Avis : Master impeccable pour une photographie majoritairement sombre mais aux pointes de couleurs respectées. Les ambiances lumineuses sont donc bien restituées et malgré un peu de grain, la compression se montre, une fois de plus chez Warner, optimale.


Le Son : 2/3

Détails techniques : Dolby Digital 5.1 en anglais (qui comprend beaucoup de français), 2.0 en français, allemand, espagnol et italien – Sous titres : français, anglais, italien, allemand

Avis : Il est clair qu’on ne recherchera pas du gros son qui tue avec ce film mais des ambiances bien restituées et une qualité sonore prête à faire vibrer les accords jazzy de la bande originale.
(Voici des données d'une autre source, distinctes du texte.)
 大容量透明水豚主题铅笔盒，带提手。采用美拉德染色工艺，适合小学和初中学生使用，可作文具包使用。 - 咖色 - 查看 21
Et bien, c’est chose faite. Du moins sur la Vo. Je vous conseille d’autant plus cette piste qu’elle est fidèle aux voix d’origine, quelle comprend pour un tiers environ des dialogues en français et que donc, elle est la plus réaliste, un peu à la manière de la Vo sur « Killing Zoé ».


L'Interactivité : 0/3

L'ergonomie des menus :
Très beaux menus en 16/9ème sonorisés par des extraits de la B.O.F. ils mettent en valeur Dexter Gordon saxo à la bouche mais ils sont malheureusement fixes et nous renvoient ainsi aux premiers âges de notre support adoré d’autant qu’il n’y a aucune transition entre chacun deux. Dommage car la lisibilité est excellente.


Les bonus :

Ne cherchez rien de ce côté car en dehors de pauvres filmographies, vous n’aurez rien, tout comme sur le zone 1. Une honte quand on pense que Tavernier aurait pu nous livrer un commentaire audio en Vf !!!!


Les Visuels : 1/1



La pochette / Le packaging

A première vu, on se délecte par avance : joli surétui avec le titre et Dexter Gordon, saxophone au bec en relief. Juste le titre, le prix reçu, rien d’autre. Sobriété exemplaire et graphisme tout à fait réussi. Et puis, on se rend compte que ce surétui ne renferme qu’un amaray noir, à la jaquette identique. Warner a donc sorti ce film en catimini et si la qualité technique est plus que correcte, l’interactivité et le packaging ne font pas le poids face à chef d’œuvre d’une telle puissance.



La sérigraphie

Sérigraphies totalement dans le même ton et reprend grosso modo le même visuel, de façon adaptée à la forme de la galette. Logos visibles mais bien placés. Seules les mentions légales font un peu tâche car presque aussi grosses que le titre lui-même.